The balancing act in high-voltage electrical transmission
The Western Interconnection is a transmission network that links 24 transmission operators (TOPs). It provides power to more than 80 million people over 1.8 million square miles stretching from northern Canada to Baja Mexico. The TOPs model their network and points of interconnection with adjacent power companies. Peak Reliability receives these network models in order to model the entire Western Interconnection network and provide critical data and information to TOPs.
Severe weather and natural disasters, such as the Blue Cut Fire, are major challenges for Western Interconnection grid operators. Wildfires and landslides are seasonal occurrences, and daily temperatures can fluctuate up to 50°F. Because electricity is not stored, disturbances and imbalances can cause blackouts. Therefore, it is critical that Peak Reliability and transmission operators continually monitor and maintain the balance between generation and demand to prevent outages. Peak Reliability was using a system consisting of many components bound together when the Blue Cut Fire struck. This system was costly to develop and difficult to maintain, and, as evidenced by the fire, did not fully meet operational and customer needs.
A smarter way to manage the gridPeak Reliability purchased the EA in 2013 to allow it to harmonize and consolidate device data. The goal was to help TOPs more easily spot and resolve problems. The company uses the PI System to collect, structure, store, and visualize sensor data in real time. The Asset Framework enables communication between systems.

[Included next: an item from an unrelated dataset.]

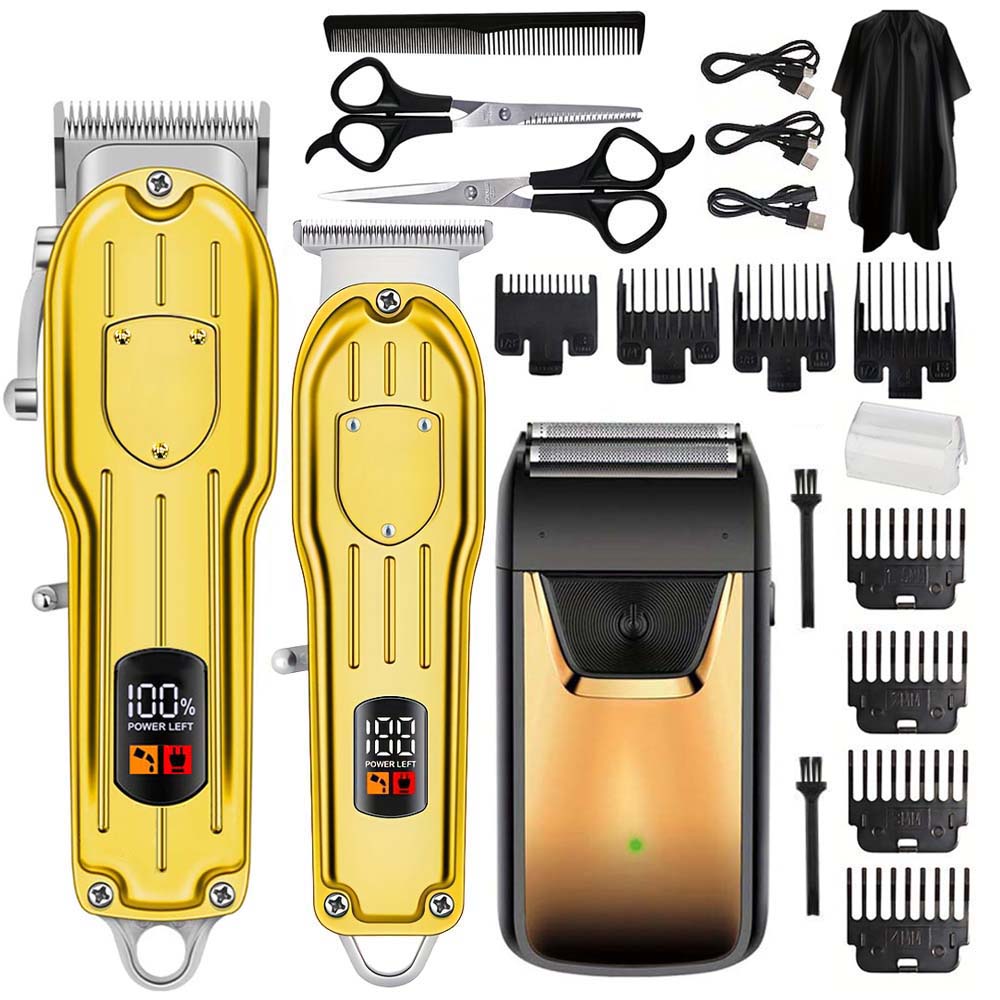 Professional Hair Clipper Set  - Men'S Grooming Scissors 评论和价格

"Systems that need to communicate with each other about the same equipment speak different languages,” said Dayna Aronson, enterprise solutions architect at Peak Reliability. “They have different models, units, nomenclature, process, and terminology. We use the PI System Asset Framework to consolidate and normalize all of this information. It is our Rosetta Stone."
Peak Reliability also developed a system called the Peak Visualization Platform (PVP) that monitors and visualizes sensor and equipment data geographically to help TOPs respond to disturbances. The system’s Esri and PI System components required little to no coding.

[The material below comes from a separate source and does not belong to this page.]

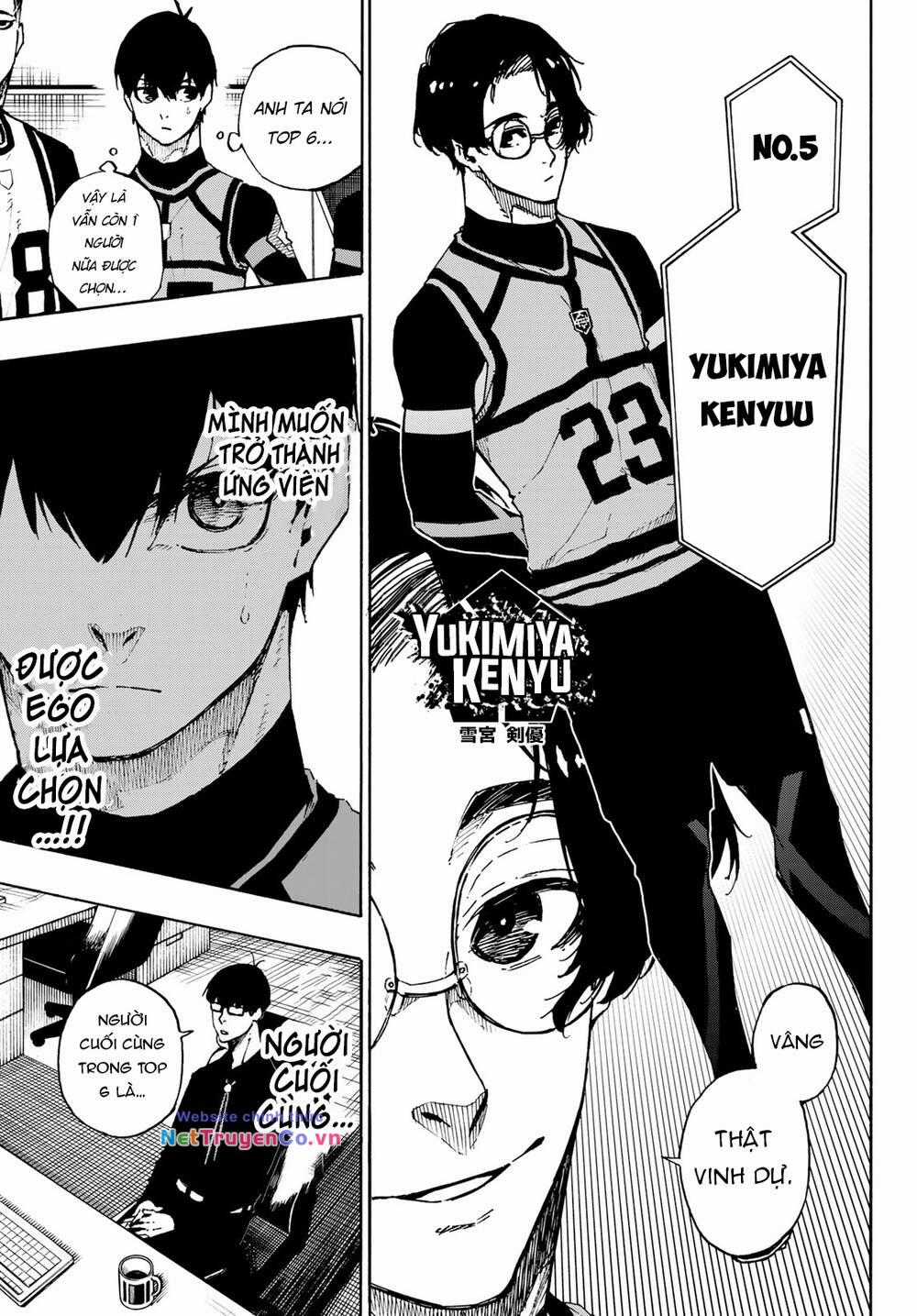 Thiên Tài Bóng Đá, Tiền Đạo Số 1 Chapter 95 trang 11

"We implemented the PI Integrator for Esri ArcGIS to connect the PI System with Esri’s ArcGIS platform,” said Aronson. “The technology allows the visualization of SCADA and other sensor data within a geospatial context. We use Esri’s Operations Dashboard to visually monitor the grid. The dashboard provides critical situational awareness for our operators when they have to make rapid decisions."
Today, Peak Reliability collects 440,000 data streams, many updated every 10 seconds. In addition, the company has deployed a synchrophasor network on the Western Interconnection. The network updates collected data 30 times per second. All the data generated from the networks and the 8,000 substations that Peak Reliability monitors comes into the company’s control room. Here, operators continually review more than 13,000 displays for anomalies that could lead to disruptions in the grid.
Keeping the future bright
The PI System provides Peak Reliability with a less costly, easier-to-maintain system that helps TOPs operators keep the lights on for million of customers. The company plans to implement additional use cases.
"One thing that is very interesting to us is including a geospatial context for the real-time contingency-analysis (RTCA) displays,” said Aronson. “These displays provide a five-minute-ahead, what-if scenario analysis of possible grid conditions.
“The RTCA application simulates more than 8,000 contingencies, which it prioritizes based on their potential negative impact on the operation of the grid,” he added. “We are going to georeference the RTCA results and superimpose them over the topology of the network to give the control-room operators the locational intelligence needed to make quick and well-considered decisions in the event of a facility failure, negative contingency, or other event that threatens the reliability of the grid.”